WORK TO BE COMPLETED – All records below are to be repeated precisely, with nothing added.

RECORDS TO PROCESS –
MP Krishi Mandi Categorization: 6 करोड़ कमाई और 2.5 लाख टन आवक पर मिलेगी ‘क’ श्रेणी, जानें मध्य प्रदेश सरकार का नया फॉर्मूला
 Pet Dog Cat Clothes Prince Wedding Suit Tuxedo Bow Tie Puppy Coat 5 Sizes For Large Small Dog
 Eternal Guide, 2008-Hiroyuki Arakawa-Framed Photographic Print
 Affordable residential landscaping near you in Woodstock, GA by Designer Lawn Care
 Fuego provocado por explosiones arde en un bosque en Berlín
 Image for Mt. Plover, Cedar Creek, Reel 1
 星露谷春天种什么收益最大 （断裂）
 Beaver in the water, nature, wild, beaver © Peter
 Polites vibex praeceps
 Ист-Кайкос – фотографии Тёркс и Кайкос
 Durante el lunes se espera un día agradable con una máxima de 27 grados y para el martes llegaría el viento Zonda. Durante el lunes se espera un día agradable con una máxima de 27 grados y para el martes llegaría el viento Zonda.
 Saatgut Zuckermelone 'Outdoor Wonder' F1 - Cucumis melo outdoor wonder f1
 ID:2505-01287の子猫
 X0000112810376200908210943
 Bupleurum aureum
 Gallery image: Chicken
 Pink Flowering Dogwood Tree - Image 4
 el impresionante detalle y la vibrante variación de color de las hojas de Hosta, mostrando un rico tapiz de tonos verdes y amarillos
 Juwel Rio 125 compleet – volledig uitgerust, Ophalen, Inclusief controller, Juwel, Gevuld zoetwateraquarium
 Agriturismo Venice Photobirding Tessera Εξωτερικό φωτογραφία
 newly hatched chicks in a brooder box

EXPECTED OUTPUT –
MP Krishi Mandi Categorization: 6 करोड़ कमाई और 2.5 लाख टन आवक पर मिलेगी ‘क’ श्रेणी, जानें मध्य प्रदेश सरकार का नया फॉर्मूला
 Pet Dog Cat Clothes Prince Wedding Suit Tuxedo Bow Tie Puppy Coat 5 Sizes For Large Small Dog
 Eternal Guide, 2008-Hiroyuki Arakawa-Framed Photographic Print
 Affordable residential landscaping near you in Woodstock, GA by Designer Lawn Care
 Fuego provocado por explosiones arde en un bosque en Berlín
 Image for Mt. Plover, Cedar Creek, Reel 1
 星露谷春天种什么收益最大 （断裂）
 Beaver in the water, nature, wild, beaver © Peter
 Polites vibex praeceps
 Ист-Кайкос – фотографии Тёркс и Кайкос
 Durante el lunes se espera un día agradable con una máxima de 27 grados y para el martes llegaría el viento Zonda. Durante el lunes se espera un día agradable con una máxima de 27 grados y para el martes llegaría el viento Zonda.
 Saatgut Zuckermelone 'Outdoor Wonder' F1 - Cucumis melo outdoor wonder f1
 ID:2505-01287の子猫
 X0000112810376200908210943
 Bupleurum aureum
 Gallery image: Chicken
 Pink Flowering Dogwood Tree - Image 4
 el impresionante detalle y la vibrante variación de color de las hojas de Hosta, mostrando un rico tapiz de tonos verdes y amarillos
 Juwel Rio 125 compleet – volledig uitgerust, Ophalen, Inclusief controller, Juwel, Gevuld zoetwateraquarium
 Agriturismo Venice Photobirding Tessera Εξωτερικό φωτογραφία
 newly hatched chicks in a brooder box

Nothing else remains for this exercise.